Da Wojtyla a Prevost, mezzo secolo di montagne russe in Vaticano
Guerre, diritti civili, questioni etiche, ambiente ed emergenze sociali: l’era dei papi «non italiani» ci ha offerto mezzo secolo di montagne russe in Vaticano e quattro pontefici completamente diversi tra loro. Un’altalena di emozioni, tra slanci e passi indietro: da Karol Wojtyła, l’atleta di Dio, presenza costante nei cambiamenti politici del suo tempo, a Joseph Ratzinger, teologo per eccellenza e pontefice dimissionario. Da Jorge Bergoglio, il papa degli ultimi e dei mea culpa, a Robert Francis Prevost, il pontefice americano riequilibratore dei poteri interni.Quattro modi di guidare la Chiesa. Di interpretare Cristo. Quattro visioni diverse del mondo e quattro modi per starci dentro.
L’era dei papi «non italiani» parte con Giovanni Paolo II, completamente immerso nelle politiche mondiali fin dal primo viaggio in Polonia, la sua terra, nel 1979. Non a caso, rischia di essere ammazzato da un proiettile mentre sfila in piazza San Pietro. Cruciale il suo contributo alla caduta del Muro di Berlino, dunque del blocco sovietico. Impegnato con grande passione sui temi sociali (indimenticabile il suo anatema alle mafie) e sui misteri della fede (svela il terzo segreto di Fatima). Fortemente legato alla figura della Madonna (è il primo papa a varcare il portone della Basilica di Pompei), costantemente dalla parte dei giovani, esercita con successo l’azione diplomatica e porta la testimonianza di Cristo anche nei viaggi-tabù prima del suo pontificato. Grande sostenitore della libertà religiosa e della solidarietà economica a livello globale e quando torna alla Casa del Signore il mondo si ferma per rendere omaggio ad un protagonista della storia.
Gli succede Benedetto XVI, il papa emerito, il teologo, una figura completamente opposta. Con lui, la Chiesa fa un passo indietro, torna nei canoni di un papato tradizionale. Il papa tedesco mantiene un atteggiamento critico verso la dittatura del relativismo, vista come una minaccia ai valori etici universali. Promuove la sua visione di dialogo tra fede e ragione, tra libertà religiosa e giustizia. Il suo papato è volto a rafforzare nel mondo la fede dei cattolici e a integrare le sfide dei diversi Paesi nel magistero della Chiesa. Ma il suo pontificato è anche travolto dagli scandali. I capitali, la crisi delle vocazioni, la vergogna della pedofilia. Joseph Ratzinger sceglie le dimissioni e lascia il campo a un papa in grado di affrontare la tempesta.

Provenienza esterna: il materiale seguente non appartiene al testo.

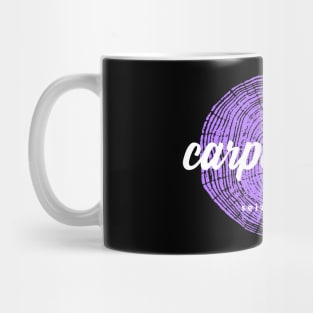 Latin Stoicism - Carpe Diem Mug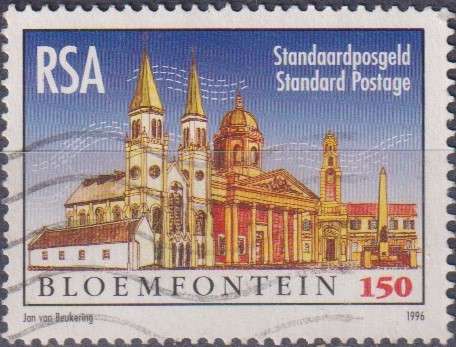 Stamps RSA 1996 The 150th Anniversary of City of Bloemfontein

Sul Soglio di Pietro sale Bergoglio, il papa rivoluzionario con le scarpe da campo e la croce di ferro, il pontefice pescato alla fine del mondo, tra gli ultimi, lì dove la parola di Cristo spesso è l’unica alternativa alla fame. Non a caso, Bergoglio sceglie il nome di Francesco e apre una fase nuova che disorienta anche gli apparati stessi della Chiesa. Condanna la pedofilia, chiede perdono per gli orrori, affronta i temi del cambiamento climatico, quellì tabù dei diritti delle comunità LGBTQ+, impone l’austerità del cattolicesimo e non teme di far saltare i potenti dalle poltrone più ambite del Vaticano. E’ il Papa che cammina da solo in una piazza San Pietro deserta per il Covid, affronta l’orrore delle guerre nel mondo ed è il primo a parlare di «una terza guerra mondiale combattuta a pezzi». Si espone pubblicamente nel conflitto in Ucraina e in quello palestinese e parla apertamente di genocidio.
Quando muore, la Chiesa sceglie di fare nuovamente un passo indietro verso le tradizioni. Bergoglio l’ha spinta troppo in là nel mare dei cambiamenti e Prevost, il primo papa americano, ha il compito di riportarla negli steccati ricostruiti dai conservatori. Le posizioni di Leone XIV sono chiare e spesso sono distanti da quelle del suo predecessore. Sul tema della famiglia, per esempio, dice che «è fondata sull’unione tra uomo e donna». Ma chiude anche a ipotetici cambiamenti nella Chiesa. E’ d’accordo sul potenziamento della presenza femminile nei ruoli decisionali ma non sostiene il diaconato femminile. Sull’emergenza climatica dice che bisogna ascoltare il grido della terra e sul tema delle guerre nel mondo ha più volte chiesto il cessate il fuoco. Magari le cose cambieranno ma al momento Prevost non ha ancora saputo conquistare i giovani, rimasti decisamente legati a Papa Francesco.